Caplan is an associate professor of Photography and Video at Cal Poly, San Luis Obispo.

== Oceano (for seven generations) ==
Caplan's photographic project Oceano (for seven generations) examines the history and contemporary use of the Oceano Dunes on California's Central Coast. The project developed through several years of research into the area's successive inhabitants and uses.

The project considers overlapping histories of the dunes, including those of the yak titʸu titʸu yak tiłhini Northern Chumash, the Dunites, the 1923 filming of The Ten Commandments, the history of landscape photography associated with the dunes, and contemporary recreational use of the area.

Oceano (for seven generations) was published by Kehrer Verlag as a monograph in 2023. The book includes texts by Matthew Goldman, Hanna Rose Shell, and Mona Olivas Tucker, chair of the yak titʸu titʸu yak tiłhini Northern Chumash tribe.

The project has received independent critical attention. In a 2024 review for FRAMES, W. Scott Olsen discussed the book's presentation of communities with differing relationships to the same landscape and its juxtaposition of competing perspectives.
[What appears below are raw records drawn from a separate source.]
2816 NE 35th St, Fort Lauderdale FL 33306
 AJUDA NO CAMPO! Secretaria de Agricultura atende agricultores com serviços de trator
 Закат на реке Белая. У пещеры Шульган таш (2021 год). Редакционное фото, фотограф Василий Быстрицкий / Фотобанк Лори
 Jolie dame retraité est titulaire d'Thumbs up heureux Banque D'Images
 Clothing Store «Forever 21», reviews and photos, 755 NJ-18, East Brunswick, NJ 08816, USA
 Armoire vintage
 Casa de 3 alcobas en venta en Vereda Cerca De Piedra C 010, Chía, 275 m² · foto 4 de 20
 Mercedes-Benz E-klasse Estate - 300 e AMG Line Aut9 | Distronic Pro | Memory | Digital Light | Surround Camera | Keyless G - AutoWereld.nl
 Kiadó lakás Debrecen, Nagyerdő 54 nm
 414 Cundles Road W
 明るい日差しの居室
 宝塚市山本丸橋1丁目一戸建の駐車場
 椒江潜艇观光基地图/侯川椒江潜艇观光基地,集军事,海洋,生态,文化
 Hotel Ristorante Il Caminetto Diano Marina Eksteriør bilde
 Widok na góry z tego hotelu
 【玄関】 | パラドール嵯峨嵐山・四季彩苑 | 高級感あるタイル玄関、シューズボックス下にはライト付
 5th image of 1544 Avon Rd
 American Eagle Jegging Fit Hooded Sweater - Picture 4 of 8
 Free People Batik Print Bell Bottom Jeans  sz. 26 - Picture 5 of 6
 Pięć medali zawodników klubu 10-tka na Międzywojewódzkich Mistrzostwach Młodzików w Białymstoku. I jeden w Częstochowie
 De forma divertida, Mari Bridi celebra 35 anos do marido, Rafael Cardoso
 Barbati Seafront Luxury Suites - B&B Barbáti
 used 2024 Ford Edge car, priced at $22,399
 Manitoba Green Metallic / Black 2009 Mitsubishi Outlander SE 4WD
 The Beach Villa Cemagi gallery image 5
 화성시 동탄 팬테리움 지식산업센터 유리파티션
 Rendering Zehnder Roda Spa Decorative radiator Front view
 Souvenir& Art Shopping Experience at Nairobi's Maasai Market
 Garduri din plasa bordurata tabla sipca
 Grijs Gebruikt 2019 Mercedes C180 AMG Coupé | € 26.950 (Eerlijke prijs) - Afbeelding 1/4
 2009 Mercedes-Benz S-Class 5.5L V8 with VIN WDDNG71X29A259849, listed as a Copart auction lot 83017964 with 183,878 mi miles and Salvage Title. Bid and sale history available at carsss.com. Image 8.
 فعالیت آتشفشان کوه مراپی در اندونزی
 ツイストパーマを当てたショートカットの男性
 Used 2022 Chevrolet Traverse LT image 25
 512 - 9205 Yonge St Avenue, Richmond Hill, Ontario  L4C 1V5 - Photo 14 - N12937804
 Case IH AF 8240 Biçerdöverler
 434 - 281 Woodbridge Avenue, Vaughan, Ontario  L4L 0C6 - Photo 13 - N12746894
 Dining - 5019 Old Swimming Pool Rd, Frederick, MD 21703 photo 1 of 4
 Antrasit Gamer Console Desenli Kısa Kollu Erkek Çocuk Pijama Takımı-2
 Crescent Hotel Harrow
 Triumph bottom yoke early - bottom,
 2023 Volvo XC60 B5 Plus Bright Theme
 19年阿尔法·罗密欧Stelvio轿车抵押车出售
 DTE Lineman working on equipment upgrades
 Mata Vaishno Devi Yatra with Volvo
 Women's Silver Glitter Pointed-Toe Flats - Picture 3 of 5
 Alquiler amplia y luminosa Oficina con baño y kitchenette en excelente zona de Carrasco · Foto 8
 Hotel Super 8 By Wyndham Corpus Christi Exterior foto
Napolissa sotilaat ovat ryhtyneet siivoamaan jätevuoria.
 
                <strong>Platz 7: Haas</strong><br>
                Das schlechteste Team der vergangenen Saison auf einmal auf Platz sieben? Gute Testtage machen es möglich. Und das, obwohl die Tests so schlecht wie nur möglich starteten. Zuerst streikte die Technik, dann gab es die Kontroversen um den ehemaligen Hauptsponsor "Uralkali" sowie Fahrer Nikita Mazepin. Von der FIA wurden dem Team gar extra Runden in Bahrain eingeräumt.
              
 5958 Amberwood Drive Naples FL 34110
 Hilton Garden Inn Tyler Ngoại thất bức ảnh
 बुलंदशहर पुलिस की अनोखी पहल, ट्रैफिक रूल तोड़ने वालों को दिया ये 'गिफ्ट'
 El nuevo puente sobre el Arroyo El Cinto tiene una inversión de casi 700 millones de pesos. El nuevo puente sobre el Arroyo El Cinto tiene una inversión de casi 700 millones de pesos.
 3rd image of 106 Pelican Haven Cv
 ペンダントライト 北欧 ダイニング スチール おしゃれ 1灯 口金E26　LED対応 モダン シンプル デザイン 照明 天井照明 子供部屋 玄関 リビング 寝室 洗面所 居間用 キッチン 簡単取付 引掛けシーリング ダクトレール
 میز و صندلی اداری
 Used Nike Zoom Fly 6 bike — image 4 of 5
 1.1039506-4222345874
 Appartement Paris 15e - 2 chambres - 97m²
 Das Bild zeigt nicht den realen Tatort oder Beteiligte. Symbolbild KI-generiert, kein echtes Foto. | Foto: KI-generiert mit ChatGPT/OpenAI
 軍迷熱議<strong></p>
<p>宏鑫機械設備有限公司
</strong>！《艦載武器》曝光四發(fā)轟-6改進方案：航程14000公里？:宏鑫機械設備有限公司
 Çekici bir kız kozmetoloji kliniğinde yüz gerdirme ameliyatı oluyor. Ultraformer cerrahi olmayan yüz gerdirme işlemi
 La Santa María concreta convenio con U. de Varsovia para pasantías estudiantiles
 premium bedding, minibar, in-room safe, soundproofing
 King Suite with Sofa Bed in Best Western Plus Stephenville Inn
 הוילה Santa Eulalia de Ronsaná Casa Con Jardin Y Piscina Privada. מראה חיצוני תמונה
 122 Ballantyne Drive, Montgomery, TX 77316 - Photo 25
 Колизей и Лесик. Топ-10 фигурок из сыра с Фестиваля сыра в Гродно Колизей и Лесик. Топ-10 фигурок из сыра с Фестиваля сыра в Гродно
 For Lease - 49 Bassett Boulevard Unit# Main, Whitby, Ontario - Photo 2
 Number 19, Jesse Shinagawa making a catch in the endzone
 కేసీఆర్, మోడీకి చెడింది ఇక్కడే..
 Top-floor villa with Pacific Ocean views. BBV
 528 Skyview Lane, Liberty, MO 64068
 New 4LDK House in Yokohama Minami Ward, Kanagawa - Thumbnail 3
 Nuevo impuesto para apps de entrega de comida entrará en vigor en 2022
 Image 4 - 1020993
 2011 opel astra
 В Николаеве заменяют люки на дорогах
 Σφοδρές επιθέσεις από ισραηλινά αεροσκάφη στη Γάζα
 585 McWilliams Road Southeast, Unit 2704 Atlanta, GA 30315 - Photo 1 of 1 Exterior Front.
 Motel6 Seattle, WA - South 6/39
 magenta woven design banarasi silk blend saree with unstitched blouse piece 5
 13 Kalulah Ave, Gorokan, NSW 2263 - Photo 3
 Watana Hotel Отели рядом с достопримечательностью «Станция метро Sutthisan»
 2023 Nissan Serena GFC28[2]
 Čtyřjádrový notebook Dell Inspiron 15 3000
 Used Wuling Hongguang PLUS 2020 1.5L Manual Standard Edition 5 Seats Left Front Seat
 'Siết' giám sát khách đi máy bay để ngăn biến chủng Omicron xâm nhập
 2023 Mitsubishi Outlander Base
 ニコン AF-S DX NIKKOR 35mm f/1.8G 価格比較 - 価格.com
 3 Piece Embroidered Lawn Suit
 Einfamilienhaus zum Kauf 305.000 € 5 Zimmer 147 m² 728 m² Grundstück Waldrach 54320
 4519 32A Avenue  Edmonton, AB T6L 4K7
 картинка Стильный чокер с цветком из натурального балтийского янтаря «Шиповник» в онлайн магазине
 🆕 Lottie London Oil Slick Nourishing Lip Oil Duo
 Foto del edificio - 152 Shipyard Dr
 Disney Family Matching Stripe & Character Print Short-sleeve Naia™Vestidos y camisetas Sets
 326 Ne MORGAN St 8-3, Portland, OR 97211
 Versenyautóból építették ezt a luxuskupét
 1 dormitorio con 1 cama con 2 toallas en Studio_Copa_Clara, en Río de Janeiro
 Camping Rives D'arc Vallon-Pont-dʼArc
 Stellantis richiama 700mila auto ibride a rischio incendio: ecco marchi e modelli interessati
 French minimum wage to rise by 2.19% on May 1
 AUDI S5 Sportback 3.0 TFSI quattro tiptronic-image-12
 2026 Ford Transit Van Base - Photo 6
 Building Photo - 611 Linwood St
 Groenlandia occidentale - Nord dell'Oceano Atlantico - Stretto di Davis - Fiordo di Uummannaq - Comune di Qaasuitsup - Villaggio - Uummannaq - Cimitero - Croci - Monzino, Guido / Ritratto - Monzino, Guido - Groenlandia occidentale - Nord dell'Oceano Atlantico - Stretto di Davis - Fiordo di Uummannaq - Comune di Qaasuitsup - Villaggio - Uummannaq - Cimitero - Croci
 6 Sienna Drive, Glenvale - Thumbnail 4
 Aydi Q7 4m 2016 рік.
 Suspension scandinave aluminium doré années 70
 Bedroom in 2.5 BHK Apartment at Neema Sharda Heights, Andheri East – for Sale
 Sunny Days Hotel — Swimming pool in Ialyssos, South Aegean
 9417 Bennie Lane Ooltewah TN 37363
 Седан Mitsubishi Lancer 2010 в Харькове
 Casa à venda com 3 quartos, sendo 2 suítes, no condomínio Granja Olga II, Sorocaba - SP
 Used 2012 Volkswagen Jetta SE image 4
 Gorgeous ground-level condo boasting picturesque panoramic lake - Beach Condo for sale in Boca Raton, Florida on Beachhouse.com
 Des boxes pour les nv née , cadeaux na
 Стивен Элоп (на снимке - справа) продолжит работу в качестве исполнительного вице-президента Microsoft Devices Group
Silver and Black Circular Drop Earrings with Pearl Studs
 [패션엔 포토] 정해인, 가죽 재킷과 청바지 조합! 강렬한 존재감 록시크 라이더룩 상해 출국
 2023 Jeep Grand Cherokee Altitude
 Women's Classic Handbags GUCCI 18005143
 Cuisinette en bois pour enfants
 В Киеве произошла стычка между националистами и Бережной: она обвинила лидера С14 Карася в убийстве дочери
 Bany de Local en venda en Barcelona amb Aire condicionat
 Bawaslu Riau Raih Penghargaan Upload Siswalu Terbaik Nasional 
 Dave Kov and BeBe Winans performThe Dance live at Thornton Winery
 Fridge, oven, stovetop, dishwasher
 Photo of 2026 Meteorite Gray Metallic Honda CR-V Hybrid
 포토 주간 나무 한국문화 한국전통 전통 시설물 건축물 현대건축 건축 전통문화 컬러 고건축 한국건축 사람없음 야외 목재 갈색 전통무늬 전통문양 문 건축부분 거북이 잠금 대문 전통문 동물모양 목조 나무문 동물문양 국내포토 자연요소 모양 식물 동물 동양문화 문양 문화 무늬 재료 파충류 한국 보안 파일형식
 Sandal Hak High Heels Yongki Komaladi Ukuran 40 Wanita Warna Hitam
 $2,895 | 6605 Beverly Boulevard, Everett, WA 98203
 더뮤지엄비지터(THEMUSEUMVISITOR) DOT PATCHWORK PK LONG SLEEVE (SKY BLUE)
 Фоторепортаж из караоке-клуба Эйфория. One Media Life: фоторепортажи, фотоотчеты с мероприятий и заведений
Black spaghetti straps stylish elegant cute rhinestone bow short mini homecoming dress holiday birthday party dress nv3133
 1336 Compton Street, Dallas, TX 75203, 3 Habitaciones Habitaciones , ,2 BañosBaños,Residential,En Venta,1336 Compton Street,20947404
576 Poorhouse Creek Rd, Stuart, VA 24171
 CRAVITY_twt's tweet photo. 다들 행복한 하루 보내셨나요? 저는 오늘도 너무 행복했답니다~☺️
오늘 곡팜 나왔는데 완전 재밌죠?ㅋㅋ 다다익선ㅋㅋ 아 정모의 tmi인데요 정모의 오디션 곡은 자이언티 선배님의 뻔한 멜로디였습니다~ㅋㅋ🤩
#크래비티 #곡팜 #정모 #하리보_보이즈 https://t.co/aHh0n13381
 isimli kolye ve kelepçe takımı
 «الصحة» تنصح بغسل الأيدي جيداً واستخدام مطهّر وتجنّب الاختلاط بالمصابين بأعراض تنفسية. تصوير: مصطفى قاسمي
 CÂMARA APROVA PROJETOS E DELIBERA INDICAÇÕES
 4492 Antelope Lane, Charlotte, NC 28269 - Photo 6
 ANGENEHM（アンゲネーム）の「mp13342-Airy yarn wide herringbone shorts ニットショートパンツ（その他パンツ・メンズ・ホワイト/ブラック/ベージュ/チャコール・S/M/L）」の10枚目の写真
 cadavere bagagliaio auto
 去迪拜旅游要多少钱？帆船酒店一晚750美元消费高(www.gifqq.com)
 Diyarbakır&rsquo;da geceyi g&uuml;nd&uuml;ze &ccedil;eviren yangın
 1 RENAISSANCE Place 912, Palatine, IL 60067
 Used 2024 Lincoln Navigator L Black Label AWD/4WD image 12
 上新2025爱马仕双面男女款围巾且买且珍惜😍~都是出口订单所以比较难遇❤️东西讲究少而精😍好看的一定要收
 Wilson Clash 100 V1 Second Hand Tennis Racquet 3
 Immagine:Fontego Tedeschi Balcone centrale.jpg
On Lenscratch.com, Aline Smithson described the project as an examination of photographic conventions and landscape histories, noting Caplan's use of collaborative and constructed portraits of past and present inhabitants of the dunes.

The Oceano project was presented in a solo exhibition at the Harvey Milk Photo Center in San Francisco from January 25 through March 1, 2025. The exhibition included photographs and video from the project.